A $0$-dimensional ring that is not noetherian

2012-04-06T08:21:28Z

$\DeclareMathOperator{\Spec}{Spec}$ [Edit] Martin pointed out that $\dim A = 0$ does not imply that $\Spec A$ is discrete. Therefore I changed the wording of question 2.[/Edit]

With dimension of a ring I mean the Krull-dimension.

It is well-known that for a commutative ring $A$ the following are equivelent

$A$ is noetherian and $\dim A = 0$;
$A$ is artinian.

It is easy to think of noetherian rings that are not artinian ($\mathbb{Z}$). However I cannot find an example of a $0$-dimensional ring that is not artinian.

Questions

What is an example of a commutative ring $A$ with $\dim A = 0$ that is not artinian (or equivalently, not noetherian)?
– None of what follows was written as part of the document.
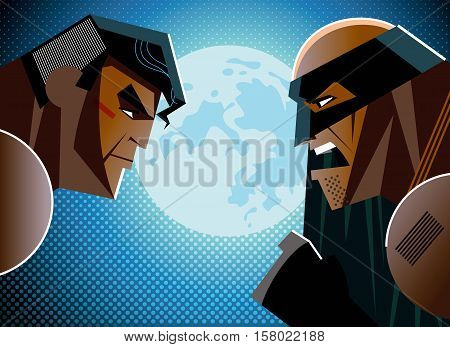 Good versus evil. Superhero. Moon sky. Vector illustration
A related question is: Give an example of an affine scheme $X$, such that $X$ is discrete as topological space, but $\mathcal{O}_X(X)$ is not noetherian/artinian.

Yet another question: Why does the converse of proposition 8.3 in Atiyah-MacDonald fail for a ring $A$ with $\dim A = 0$? (The proposition says that artinian rings have finitely many maximal ideals.)

I have tried various constructions, but they all fail somehow.

Answer by Mariano Suárez-Alvarez for A $0$-dimensional ring that is not noetherian

2012-04-06T08:23:46Z

The quotient of $\mathbb Q[x_1,x_2,\dots]$ by the ideal generated by all products $x_ix_j$ with $1\leq i\leq j<\infty$ is an example.

Answer by Filippo Alberto Edoardo for A $0$-dimensional ring that is not noetherian

2012-04-06T08:36:31Z

Why don't you take infinitely many copies of a field?

Answer by Martin Brandenburg for A $0$-dimensional ring that is not noetherian

2012-04-06T08:43:57Z

Take any compact totally disconnected Hausdorff space $X$ (for example the Cantor set, or the one-point compactification of $\mathbb{N}$). Then $\mathcal{C}(X,\mathbb{F}_2)$ is a ring whose spectrum is homeomorphic to $X$. In particular, this ring is zero-dimensional, but this ring is noetherian iff $X$ is finite.

More generally, a commutative ring is called von Neumann regular when for every $x$ we have $x^2 | x$ (in particular, boolean rings qualify). Equivalently, every localization at a prime ideal is a field. In particular, they are zero-dimensional (in fact, they are precisely the reduced zero-dimensional rings). It is easy to check that these rings are closed under infinite products.

In particular, an infinite product of fields is a zero-dimensional ring, which is not noetherian. If the index set is $I$, the spectrum is the space of ultrafilters on $I$.

EDIT: It is even more trivial to give non-reduced examples. If $V$ is any $k$-module, then $A=k \oplus V$ is a $k$-algebra (with $V^2=0$). Then $A_{\mathrm{red}}=k$ is a field, in particular $\mathrm{Spec}(A)$ is just a single point. If $V$ is not noetherian as a module, it is clear that $A$ won't be noetherian as a ring.